Publication information
- Publisher: Marvel Comics
- First appearance: New X-Men: Hellions #1 (July, 2005)
- Created by: Nunzio DeFilippis Christina Weir (writers), Clayton Henry (pencils)

In-story information
- Alter ego: Wallace
- Species: Human (Presumed)
- Team affiliations: Hellfire Club
- Abilities: Unknown; has access to high-tech personal equipment and a network of powerful associates.

= Kingmaker (comics) =

The Kingmaker is the name of three supervillains appearing in American comic books published by Marvel Comics.

==Publication history==
The first iteration debuted in New X-Men: Hellions #1 (July 2005), and was created by Nunzio DeFilippis, Christina Weir and Clayton Henry.

The second iteration debuted in Dark Reign: Hawkeye #5 (September 2009), and was created by Andy Diggle and Tom Raney.

The third iteration debuted in Osborn #1 (January 2011), and was created by Kelly Sue DeConnick and Emma Rios.

==Fictional character biography==
===Wallace===

Wallace is a loan shark whose personal fortune and resources have allied him with various figures of the supervillain underworld. His standard agreement involves delivering any wish to an applicant in exchange for a favour to be named later. His network of favours has given him vast financial reserves, business agreements with powerful individuals, and a personal trove of high-tech weaponry for his personal defence. He has a history with Emma Frost as a result of her rejection of his bid for membership in the Hellfire Club.

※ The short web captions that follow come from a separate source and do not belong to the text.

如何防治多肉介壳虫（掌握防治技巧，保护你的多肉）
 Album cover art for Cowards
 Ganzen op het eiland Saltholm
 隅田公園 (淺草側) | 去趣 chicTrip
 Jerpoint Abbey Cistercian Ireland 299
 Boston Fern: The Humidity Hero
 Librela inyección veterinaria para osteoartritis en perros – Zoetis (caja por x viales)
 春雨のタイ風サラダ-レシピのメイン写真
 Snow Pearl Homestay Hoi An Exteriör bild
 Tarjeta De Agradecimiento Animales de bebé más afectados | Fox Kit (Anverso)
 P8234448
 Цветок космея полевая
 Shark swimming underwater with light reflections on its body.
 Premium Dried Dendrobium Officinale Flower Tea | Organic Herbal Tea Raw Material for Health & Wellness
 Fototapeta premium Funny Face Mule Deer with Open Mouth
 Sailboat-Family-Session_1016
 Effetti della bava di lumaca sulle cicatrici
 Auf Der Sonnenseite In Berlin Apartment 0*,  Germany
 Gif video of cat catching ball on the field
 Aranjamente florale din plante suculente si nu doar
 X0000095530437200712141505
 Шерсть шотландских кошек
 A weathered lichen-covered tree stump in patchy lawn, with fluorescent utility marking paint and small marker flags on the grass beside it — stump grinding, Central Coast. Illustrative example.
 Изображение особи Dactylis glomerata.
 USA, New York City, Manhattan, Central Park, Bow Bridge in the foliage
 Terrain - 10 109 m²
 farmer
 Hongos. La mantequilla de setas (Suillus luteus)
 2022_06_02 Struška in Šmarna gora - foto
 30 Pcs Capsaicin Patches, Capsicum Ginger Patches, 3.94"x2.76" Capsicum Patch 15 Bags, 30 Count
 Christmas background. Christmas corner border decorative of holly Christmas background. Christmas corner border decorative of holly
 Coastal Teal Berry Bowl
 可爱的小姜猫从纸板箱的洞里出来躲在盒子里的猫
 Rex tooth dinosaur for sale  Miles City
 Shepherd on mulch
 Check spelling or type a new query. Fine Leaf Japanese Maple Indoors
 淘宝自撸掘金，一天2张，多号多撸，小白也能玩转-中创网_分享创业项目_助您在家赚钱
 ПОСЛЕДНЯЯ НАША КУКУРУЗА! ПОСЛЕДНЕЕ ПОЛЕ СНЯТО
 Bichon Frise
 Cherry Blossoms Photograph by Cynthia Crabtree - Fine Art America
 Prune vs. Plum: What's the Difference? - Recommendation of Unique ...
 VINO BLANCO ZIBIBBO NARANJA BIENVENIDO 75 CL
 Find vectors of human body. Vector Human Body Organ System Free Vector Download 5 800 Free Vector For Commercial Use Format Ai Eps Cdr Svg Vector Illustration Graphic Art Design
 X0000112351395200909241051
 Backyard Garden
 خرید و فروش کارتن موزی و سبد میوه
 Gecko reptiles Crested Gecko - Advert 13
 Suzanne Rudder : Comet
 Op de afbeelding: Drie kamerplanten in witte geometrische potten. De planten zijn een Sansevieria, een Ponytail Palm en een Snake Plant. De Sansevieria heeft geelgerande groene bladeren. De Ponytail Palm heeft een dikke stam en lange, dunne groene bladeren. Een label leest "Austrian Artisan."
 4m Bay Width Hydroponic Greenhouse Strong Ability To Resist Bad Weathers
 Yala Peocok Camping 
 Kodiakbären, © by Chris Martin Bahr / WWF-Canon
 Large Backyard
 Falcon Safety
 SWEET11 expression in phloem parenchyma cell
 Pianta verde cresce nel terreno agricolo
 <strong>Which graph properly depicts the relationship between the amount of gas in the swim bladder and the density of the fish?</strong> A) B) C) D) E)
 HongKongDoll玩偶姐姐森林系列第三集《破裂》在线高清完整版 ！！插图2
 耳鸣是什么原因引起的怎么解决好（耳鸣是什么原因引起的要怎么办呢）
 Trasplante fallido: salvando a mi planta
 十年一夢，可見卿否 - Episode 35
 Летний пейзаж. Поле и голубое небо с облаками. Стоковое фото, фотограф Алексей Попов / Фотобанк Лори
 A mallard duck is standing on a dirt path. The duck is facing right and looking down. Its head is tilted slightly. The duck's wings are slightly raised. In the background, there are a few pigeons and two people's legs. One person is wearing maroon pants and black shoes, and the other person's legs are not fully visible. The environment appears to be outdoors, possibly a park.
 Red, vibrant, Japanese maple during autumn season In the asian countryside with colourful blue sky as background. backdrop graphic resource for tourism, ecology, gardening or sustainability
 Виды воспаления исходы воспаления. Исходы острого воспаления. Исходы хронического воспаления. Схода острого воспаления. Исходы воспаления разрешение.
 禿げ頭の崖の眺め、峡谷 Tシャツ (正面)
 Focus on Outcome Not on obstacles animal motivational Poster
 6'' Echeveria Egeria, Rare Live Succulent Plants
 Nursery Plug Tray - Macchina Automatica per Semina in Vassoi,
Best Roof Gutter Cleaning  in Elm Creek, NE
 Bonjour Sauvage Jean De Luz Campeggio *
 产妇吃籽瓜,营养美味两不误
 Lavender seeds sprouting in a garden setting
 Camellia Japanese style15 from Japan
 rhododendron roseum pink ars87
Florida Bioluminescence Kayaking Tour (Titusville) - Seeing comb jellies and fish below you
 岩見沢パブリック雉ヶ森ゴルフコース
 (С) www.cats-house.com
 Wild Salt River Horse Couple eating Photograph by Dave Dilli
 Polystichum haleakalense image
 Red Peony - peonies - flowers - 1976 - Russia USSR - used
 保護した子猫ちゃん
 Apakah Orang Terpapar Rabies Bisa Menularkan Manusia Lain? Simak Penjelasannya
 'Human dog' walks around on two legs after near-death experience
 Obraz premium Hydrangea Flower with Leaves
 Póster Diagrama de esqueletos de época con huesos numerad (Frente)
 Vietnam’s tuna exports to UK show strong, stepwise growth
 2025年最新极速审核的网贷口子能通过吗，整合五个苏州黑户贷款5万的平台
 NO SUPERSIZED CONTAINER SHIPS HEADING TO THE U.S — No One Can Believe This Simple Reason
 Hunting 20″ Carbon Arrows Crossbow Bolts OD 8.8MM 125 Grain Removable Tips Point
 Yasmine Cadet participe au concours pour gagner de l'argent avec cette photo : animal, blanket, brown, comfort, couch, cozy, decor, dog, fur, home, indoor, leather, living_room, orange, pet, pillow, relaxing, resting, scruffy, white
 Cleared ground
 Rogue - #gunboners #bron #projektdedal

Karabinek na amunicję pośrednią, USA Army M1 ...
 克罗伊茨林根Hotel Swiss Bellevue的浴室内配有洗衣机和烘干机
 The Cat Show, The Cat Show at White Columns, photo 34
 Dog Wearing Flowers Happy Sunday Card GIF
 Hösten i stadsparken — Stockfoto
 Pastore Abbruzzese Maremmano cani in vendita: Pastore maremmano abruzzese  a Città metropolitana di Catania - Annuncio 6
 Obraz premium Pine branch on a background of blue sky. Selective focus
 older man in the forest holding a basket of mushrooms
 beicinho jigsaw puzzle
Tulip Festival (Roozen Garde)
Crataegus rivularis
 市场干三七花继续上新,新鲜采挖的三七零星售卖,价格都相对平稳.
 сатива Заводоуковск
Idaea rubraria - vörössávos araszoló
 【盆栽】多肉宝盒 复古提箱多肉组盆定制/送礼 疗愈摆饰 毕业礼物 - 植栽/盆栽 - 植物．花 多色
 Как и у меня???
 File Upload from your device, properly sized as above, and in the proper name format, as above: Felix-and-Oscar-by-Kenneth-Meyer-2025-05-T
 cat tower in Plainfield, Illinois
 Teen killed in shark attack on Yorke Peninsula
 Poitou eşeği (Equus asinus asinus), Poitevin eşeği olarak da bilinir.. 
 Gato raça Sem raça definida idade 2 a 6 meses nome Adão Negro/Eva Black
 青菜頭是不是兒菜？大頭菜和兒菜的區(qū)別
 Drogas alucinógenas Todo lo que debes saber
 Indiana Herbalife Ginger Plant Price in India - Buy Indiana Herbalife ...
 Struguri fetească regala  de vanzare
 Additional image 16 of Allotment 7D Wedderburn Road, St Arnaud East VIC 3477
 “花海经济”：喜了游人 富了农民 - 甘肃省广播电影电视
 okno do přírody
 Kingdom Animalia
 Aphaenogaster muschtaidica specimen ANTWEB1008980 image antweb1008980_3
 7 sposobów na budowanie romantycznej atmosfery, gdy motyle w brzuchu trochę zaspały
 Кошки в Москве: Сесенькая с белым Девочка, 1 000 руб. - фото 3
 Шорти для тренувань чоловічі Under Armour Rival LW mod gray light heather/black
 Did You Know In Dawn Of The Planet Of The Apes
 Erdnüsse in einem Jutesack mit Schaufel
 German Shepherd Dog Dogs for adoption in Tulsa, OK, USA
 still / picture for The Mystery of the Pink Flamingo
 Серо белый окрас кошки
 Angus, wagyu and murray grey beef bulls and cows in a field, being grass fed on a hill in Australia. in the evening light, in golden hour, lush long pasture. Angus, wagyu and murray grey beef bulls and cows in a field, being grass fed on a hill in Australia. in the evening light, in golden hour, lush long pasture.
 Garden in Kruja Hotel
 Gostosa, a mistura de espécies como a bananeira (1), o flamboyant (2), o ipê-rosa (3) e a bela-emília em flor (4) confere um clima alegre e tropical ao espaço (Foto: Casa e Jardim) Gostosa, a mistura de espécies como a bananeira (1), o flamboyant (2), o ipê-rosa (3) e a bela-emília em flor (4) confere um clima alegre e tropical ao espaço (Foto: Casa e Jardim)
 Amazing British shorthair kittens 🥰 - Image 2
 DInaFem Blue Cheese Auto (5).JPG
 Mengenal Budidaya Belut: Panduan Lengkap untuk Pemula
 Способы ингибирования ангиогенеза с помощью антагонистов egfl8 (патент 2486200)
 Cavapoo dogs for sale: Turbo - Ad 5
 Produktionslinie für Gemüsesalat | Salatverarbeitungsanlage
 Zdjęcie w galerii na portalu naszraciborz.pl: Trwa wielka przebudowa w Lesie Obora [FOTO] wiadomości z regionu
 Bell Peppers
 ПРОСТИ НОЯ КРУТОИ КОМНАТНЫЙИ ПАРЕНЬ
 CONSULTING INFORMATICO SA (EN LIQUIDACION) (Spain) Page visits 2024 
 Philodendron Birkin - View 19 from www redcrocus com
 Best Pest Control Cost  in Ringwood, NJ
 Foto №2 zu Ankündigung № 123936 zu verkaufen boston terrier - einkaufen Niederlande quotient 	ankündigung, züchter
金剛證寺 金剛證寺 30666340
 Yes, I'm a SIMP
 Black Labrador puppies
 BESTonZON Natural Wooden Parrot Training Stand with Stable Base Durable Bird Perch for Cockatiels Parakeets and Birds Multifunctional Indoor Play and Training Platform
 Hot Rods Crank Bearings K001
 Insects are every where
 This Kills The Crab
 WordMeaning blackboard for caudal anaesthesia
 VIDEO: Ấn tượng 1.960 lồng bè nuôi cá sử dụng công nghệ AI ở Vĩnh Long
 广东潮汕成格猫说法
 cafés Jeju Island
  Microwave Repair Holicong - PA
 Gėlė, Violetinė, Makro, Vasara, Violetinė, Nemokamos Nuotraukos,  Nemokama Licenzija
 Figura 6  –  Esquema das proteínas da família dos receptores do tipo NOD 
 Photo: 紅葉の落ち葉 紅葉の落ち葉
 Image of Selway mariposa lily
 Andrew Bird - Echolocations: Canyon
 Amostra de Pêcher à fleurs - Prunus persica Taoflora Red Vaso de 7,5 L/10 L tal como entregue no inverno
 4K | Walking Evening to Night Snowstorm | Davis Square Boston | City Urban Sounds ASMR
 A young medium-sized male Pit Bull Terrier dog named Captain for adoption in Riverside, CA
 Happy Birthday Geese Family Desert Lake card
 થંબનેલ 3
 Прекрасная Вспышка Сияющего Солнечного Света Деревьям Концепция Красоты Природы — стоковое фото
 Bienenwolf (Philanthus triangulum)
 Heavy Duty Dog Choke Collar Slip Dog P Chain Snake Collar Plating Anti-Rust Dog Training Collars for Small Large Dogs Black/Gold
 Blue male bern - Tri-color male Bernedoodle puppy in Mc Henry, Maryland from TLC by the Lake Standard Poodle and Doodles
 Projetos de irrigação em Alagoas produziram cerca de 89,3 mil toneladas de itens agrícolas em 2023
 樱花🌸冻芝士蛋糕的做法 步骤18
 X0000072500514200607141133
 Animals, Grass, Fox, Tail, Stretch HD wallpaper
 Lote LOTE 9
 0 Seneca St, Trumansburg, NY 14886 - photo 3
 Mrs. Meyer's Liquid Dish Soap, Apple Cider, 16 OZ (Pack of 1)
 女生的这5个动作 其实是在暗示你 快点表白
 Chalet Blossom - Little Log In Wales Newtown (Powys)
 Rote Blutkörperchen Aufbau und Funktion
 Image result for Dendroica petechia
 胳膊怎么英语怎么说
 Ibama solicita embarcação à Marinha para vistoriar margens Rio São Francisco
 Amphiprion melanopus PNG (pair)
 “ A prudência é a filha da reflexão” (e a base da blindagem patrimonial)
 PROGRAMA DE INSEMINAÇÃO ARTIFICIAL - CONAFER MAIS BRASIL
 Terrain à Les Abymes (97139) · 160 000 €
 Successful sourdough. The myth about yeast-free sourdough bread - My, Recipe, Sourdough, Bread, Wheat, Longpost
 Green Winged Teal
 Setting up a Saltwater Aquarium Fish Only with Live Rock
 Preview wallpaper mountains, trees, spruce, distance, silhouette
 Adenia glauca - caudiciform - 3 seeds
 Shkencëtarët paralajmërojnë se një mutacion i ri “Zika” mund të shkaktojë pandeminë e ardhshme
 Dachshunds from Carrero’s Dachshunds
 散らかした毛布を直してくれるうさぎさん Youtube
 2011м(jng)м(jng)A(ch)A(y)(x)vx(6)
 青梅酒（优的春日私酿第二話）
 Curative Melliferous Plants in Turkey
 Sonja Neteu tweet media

When New X-Men member Hellion is denied a family inheritance, he investigates their financial history, eventually discovering their involvement with the Kingmaker. Hellion and his teammates are contacted by the Kingmaker, who offers their standard contract. In exchange for their deepest wishes, the Hellions are tasked with stealing a device for their benefactor. Unbeknownst to the Hellions, the device is a biological weapon that the Kingmaker intended to give to Doctor Octopus. The Hellions retrieve the device and turn on Kingmaker. After several losing battles, the Hellions defeat Kingmaker, who is arrested. Kingmaker is later released by Emma Frost, who convinces him to leave her students alone under the threat of being sent back to jail.

===Bullseye's Father===

The second version is the father of Bullseye and appeared during the Dark Reign storyline. While Bullseye is fighting an army of Hawkeyes, he is captured by Solo and brought before Kingmaker. The Kingmaker prepares to trade his old burned husk of a body for Bullseye's by placing his brain in his son's body. However, Bullseye's bones are laced with adamantium, which is impossible to cut through and blocks Kingmaker's neural inhibitor. Bullseye fights his way through Solo to get to his father, who he kills.

===Pryor Cashman===

The third version is Pryor Cashman, a "demon entity" who feeds on memories and is able to view and manipulate them. At some point, he is captured by government officials and incarcerated in an underwater facility. When Norman Osborn is jailed in the facility after being transferred from the Raft, he orchestrates a breakout alongside Kingmaker, June Covington, Ai Apaec, and Carny Rives.

==Powers and abilities==
Wallace possesses a personal force field and sunglasses with ruby optic blasts similar to Cyclops's optic blasts.

Pryor Cashman can manipulate memories.